Costa Rica registró un aumento inédito en la incautación de cocaína durante el primer trimestre de 2026. El Ministerio de Seguridad Pública informó que el volumen confiscado pasó de 3 toneladas en 2025 a más de 12 toneladas este año. Este avance refleja una aceleración en la capacidad de las fuerzas policiales para interceptar cargamentos de gran escala.

El ministro de Seguridad Pública, Mario Zamora, atribuyó este récord a la alianza con organismos internacionales. "Este 2026 lo iniciamos con el pie derecho, rompiendo récords de captura de drogas", afirmó el funcionario. Zamora precisó que este año representa un punto de quiebre en la eficacia del control de rutas marítimas y terrestres.
El incremento operativo también impactó el retiro de otras sustancias ilícitas en el mercado nacional. Las autoridades reportaron que el decomiso de marihuana casi se cuadruplicó, pasando de una tonelada a cerca de 4 toneladas de enero a marzo. En paralelo, las dosis de crack confiscadas ascendieron a 20,900 unidades en el inicio del año.
La cooperación con Estados Unidos ha sido fundamental para alcanzar estas cifras mediante el patrullaje conjunto. El presidente Rodrigo Chaves agradeció el apoyo aliado, calificándolo como vital para enfrentar el crimen organizado. Esta colaboración permitió interceptar recientemente una embarcación en el Pacífico con 4.4 toneladas de droga y tripulación extranjera.

Investigaciones policiales señalan que gran parte del narcótico decomisado pertenece a organizaciones como el Cartel del Golfo de Urabá. Estos grupos involucran a exmiembros de las FARC para trasladar mercancía hacia el norte. La vigilancia reforzada en fronteras y aguas territoriales busca cerrar definitivamente estos espacios de tránsito ilegal.

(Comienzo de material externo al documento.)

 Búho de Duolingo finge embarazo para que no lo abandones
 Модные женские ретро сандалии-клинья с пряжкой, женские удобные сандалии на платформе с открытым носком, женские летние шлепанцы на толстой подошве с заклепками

La intensificación de los controles permitió a la Fuerza Pública identificar nuevas tácticas de los traficantes. Mario Zamora enfatizó que el trabajo actual supera cualquier registro previo para un primer trimestre, evidenciando un salto en la capacidad operativa estatal. Los despliegues han sido clave para detectar cargamentos ocultos en contenedores y naves sospechosas.
El gobierno proyecta mantener la presión operativa durante el año para limitar el alcance de las bandas locales. La articulación con cuerpos judiciales facilita la detención de personas vinculadas al tráfico de estupefacientes. Estas acciones forman parte de la estrategia nacional que prioriza la vigilancia en los puntos críticos detectados por inteligencia.
El Ministerio de Seguridad Pública informó que consolidará el control sobre los corredores estratégicos marítimos y terrestres. El uso de tecnología avanzada y la profesionalización policial son ejes centrales para sostener estas métricas. Las autoridades continuarán monitoreando las rutas de tránsito para evitar que el territorio funcione como plataforma de logística criminal.